● **TO DO**: Read through the listing below and return only the lines containing "desde".

● **THE DATA**:
******

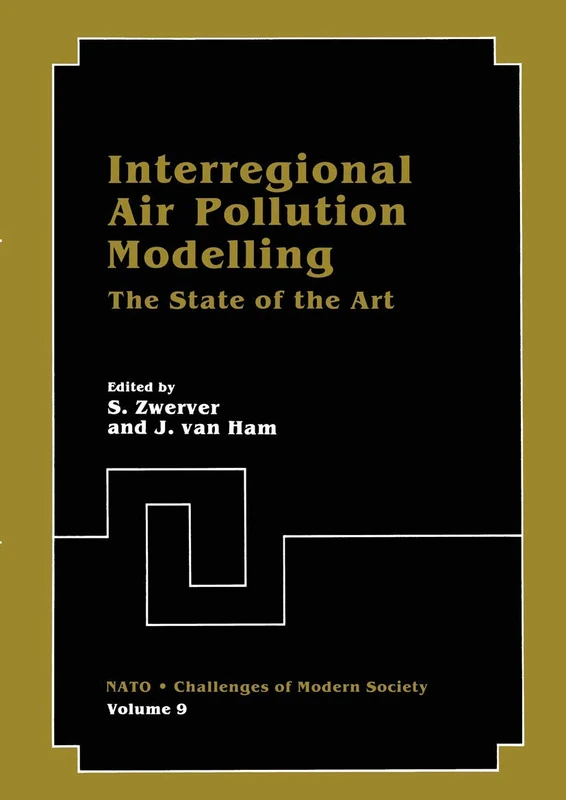 Interregional Air Pollution Modelling: The State of the Art: 9 (Nato Challenges of Modern Society, 9)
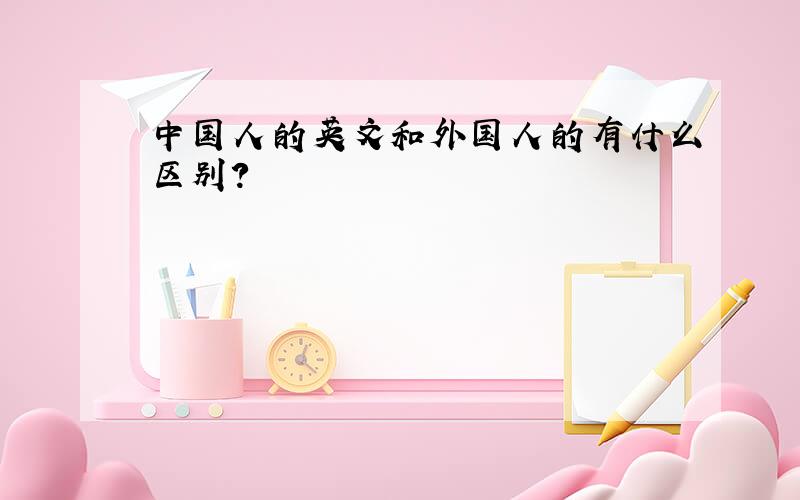 中国人的英文和外国人的有什么区别?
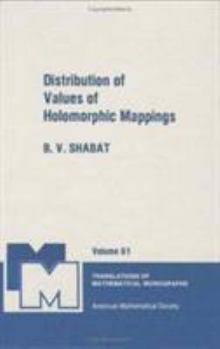 Distributions of Values of Holomorphic Mappings (Translations of Mathematical Monographs)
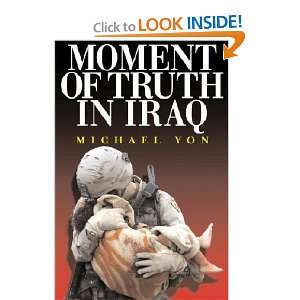 moment of truth in iraq and over one million other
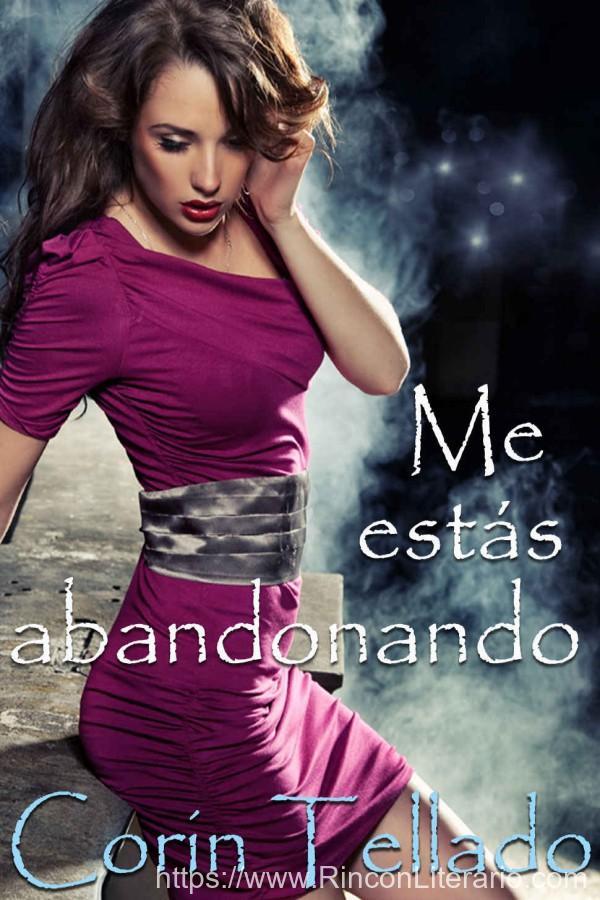 Me estás abandonando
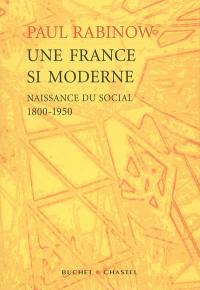 Une France si moderne : naissance du social, 1800-1950 : essai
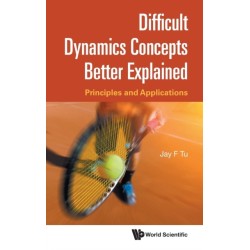 Difficult Dynamics Concepts Better Explained: Principles And Applications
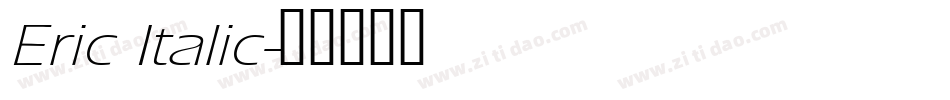 Eric Italic字体转换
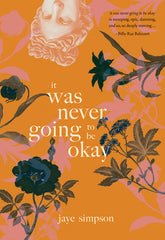 It Was Never Going to Be Okay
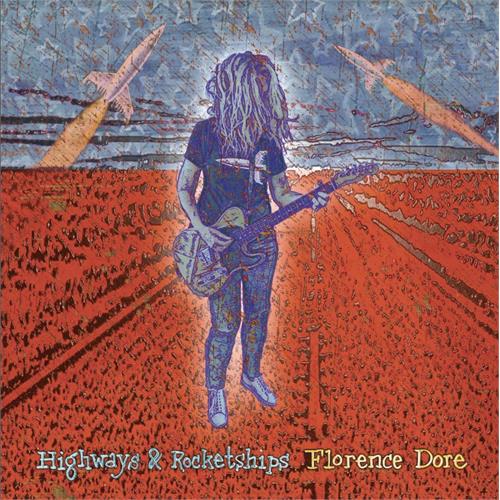 Florence Dore Highways & Rocketships - LTD (LP)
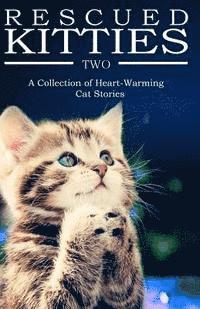 bokomslag RESCUED KITTIES Two: A Collection of Heart-Warming Cat Stories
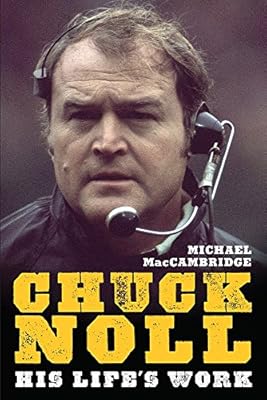 Chuck Noll: His Life's Work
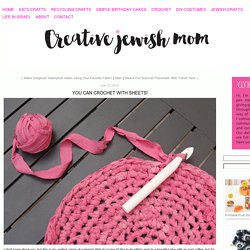 You Can Crochet With Sheets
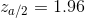 z_{a/2}=1.96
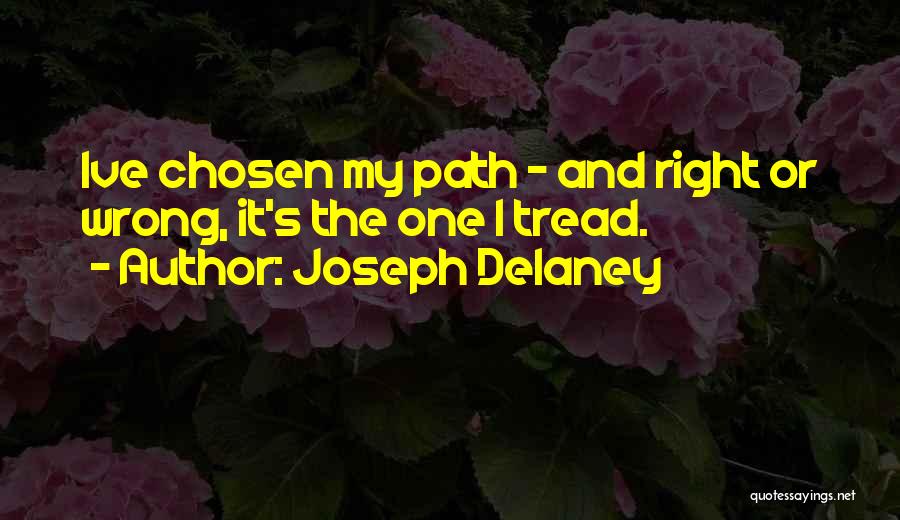 Joseph Delaney Quotes 2095994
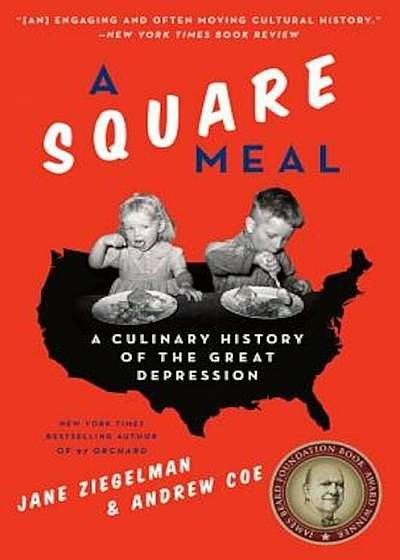 A Square Meal: A Culinary History of the Great Depression, Paperback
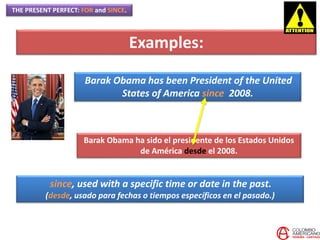 THE PRESENT PERFECT: FOR and SINCE.
Examples:
Barak Obama has been President of the United
States of America since 2008.
Barak Obama ha sido el presidente de los Estados Unidos
de América desde el 2008.
since, used with a specific time or date in the past.
(desde, usado para fechas o tiempos específicos en el pasado.)
 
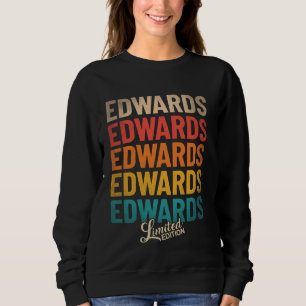 Edwards Last Name - Vintage Edwards Limited Editio Sweatshirt
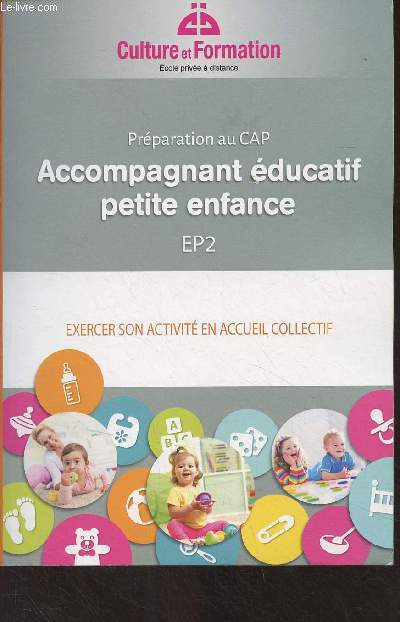 Prparation au CAP - Accompagnant ducatif petite enfance - EP2 - Exercer son activit en accueil collectif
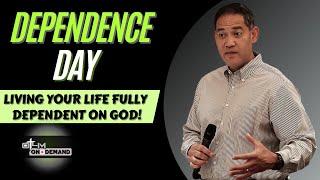 Dependence Day - Living Your Life Fully Dependent on God | Bible Study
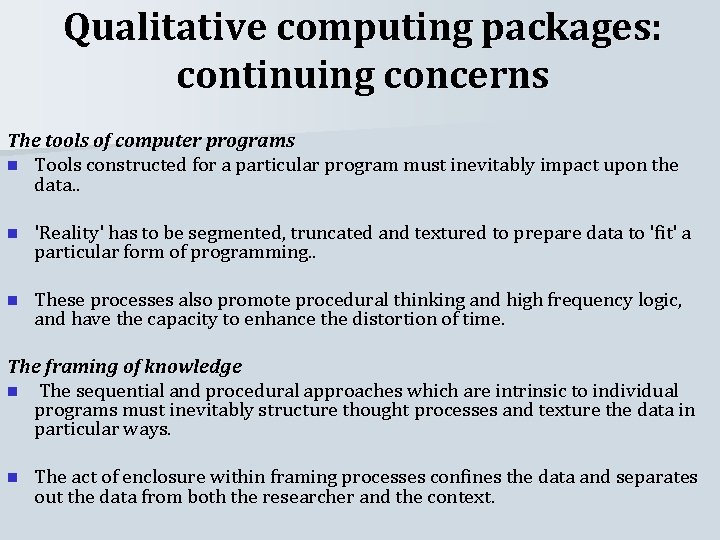 Qualitative computing packages: continuing concerns The tools of computer programs n Tools constructed for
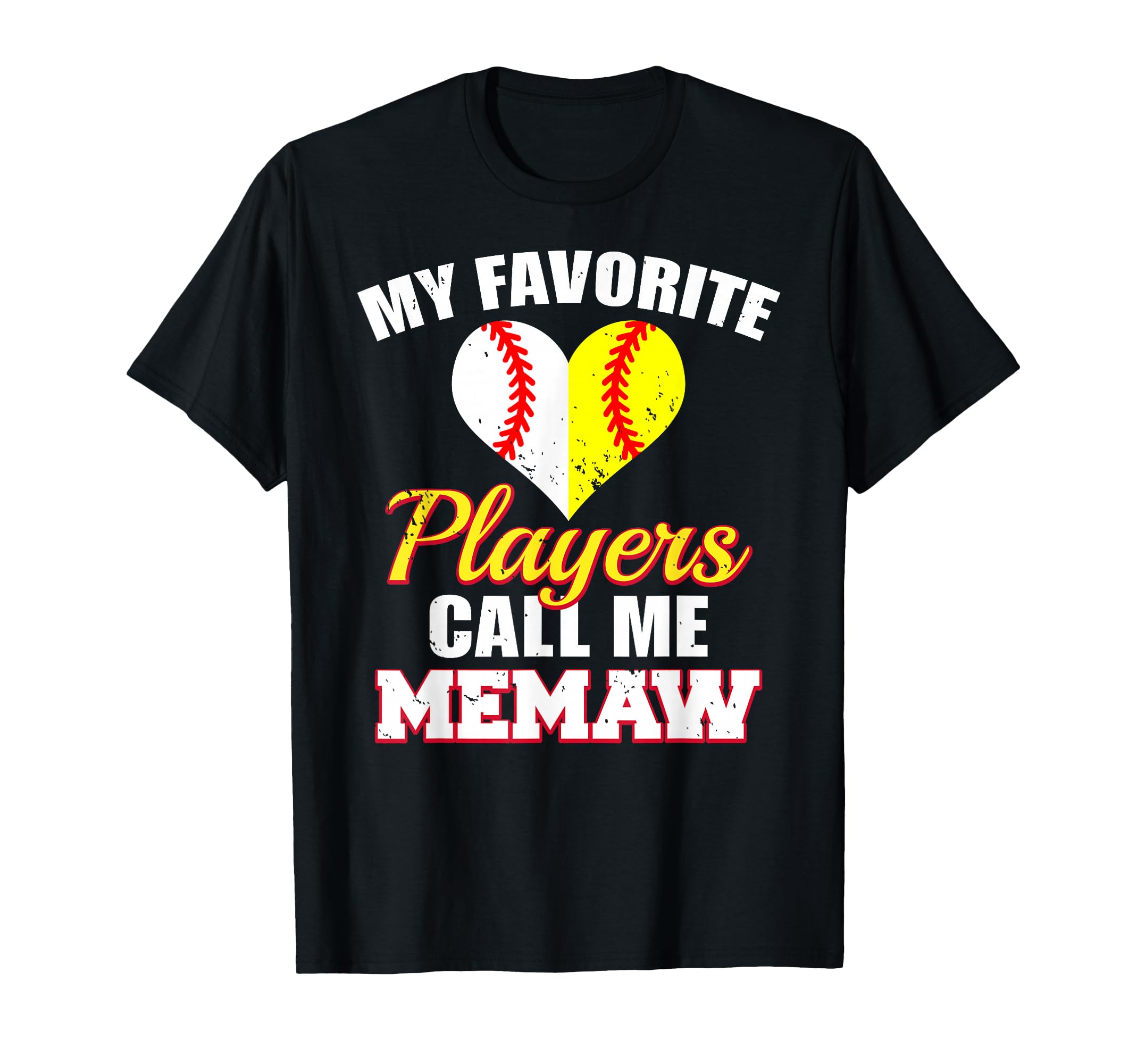My Favorite Players Call Me Memaw Baseball T-Shirt - Unique Graphic Unisex - T-Shirt, Sweatshirt, Hoodie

******

● **RESULT OF THIS EXERCISE**:
de América desde el 2008.
(desde, usado para fechas o tiempos específicos en el pasado.)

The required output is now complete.